In their book, What if Jesus Had Never Been Born, the late Dr. D. James Kennedy and Jerry Newcomb provide a historical overview of the extraordinary positive contributions Christianity has made through the centuries. They cite the impact it’s had on the value of human life, helping the poor, education, the founding of America, civil liberties, science, economics, health and medicine, morality, arts, and music.
Nevertheless, as Kennedy and Newcomb note, “Despite all the good the Church has done and continues to do, we’re reminded ad nauseum about the Crusades, the Inquisition, and the witch hunts — as if they are the sum total of the Christian record in history.”
To explain the excesses of un-Christian acts like the Crusades, the authors go on to “underscore the necessity of distinguishing between Christendom and Christianity.” They write:
“Christianity is comprised of those who have repented of their sins and truly believe in Jesus Christ as their Savior and Lord.
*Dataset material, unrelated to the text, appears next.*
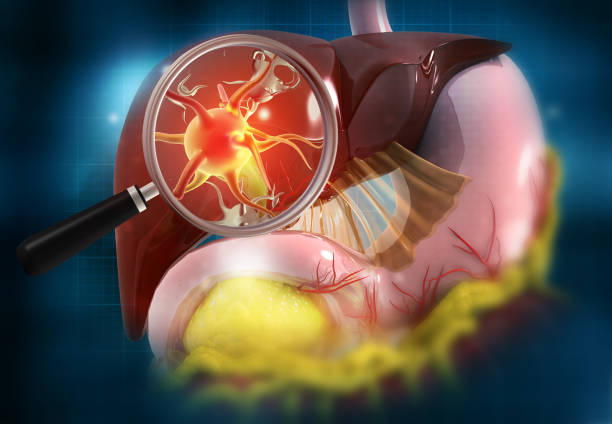 istock Human liver and magnifying glass with viruses 1345278030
In times past Christendom was comprised of those people living in ‘Christian’ territories. Today, Christendom is comprised of true Christians and those professing Christians who have never experienced the saving grace of Christ. Many members of Christendom have lived lives that were totally unworthy of the name Christian.
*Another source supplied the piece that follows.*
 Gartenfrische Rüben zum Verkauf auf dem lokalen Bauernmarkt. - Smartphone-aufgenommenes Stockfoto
“When people are unregenerate — that is if their hearts are not changed by Christ — they are prone to do all sorts of ungodly and inhuman things. It doesn’t matter whether they are atheistic Communists or clerics of the Church. And in the case of unregenerate Church leaders, their evil actions have brought the blame upon Christianity.
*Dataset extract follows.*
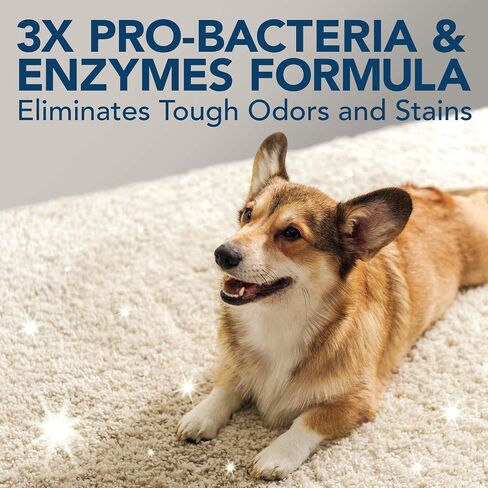 Simple Solution Extreme Pet Stain and Odor Remover | Enzymatic Cleaner with 3X Pro-Bacteria Cleaning Power | Spring Breeze, 1 Gallon in Kuwait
“There is a Church visible (Christendom) and there is a Church invisible (true Christianity). The church building in which we worship is part of the visible church of Christ. It may be seen by any passerby or any person who would come to look at it. Its membership consists of all who have made a profession of faith in Jesus Christ. However, the Bible points out that the visible Church is not the real Church of Christ. The real Church of Christ is invisible, and it consists of all who truly belong to God as His elect — all those who will ever be regenerated by the Holy Spirit. Judas Iscariot was a member of the visible Church of Christ, but not the invisible.”
In Jesus’ parable of The Wheat and Tares (Matthew 13:24-30), a farmer sows good seed into his field, but an enemy secretly sows tares among them. Both sprout and exist together, but at harvest time the farmer instructs his workers to first gather the tares and burn them, and then collect the wheat for storage. This symbolizes the final separation of the righteous (wheat) from the wicked (tares) at the end of the age. This teaches that in the Church there exist alongside each other those who genuinely believe and those who for various reasons have never truly been transformed by the grace of God.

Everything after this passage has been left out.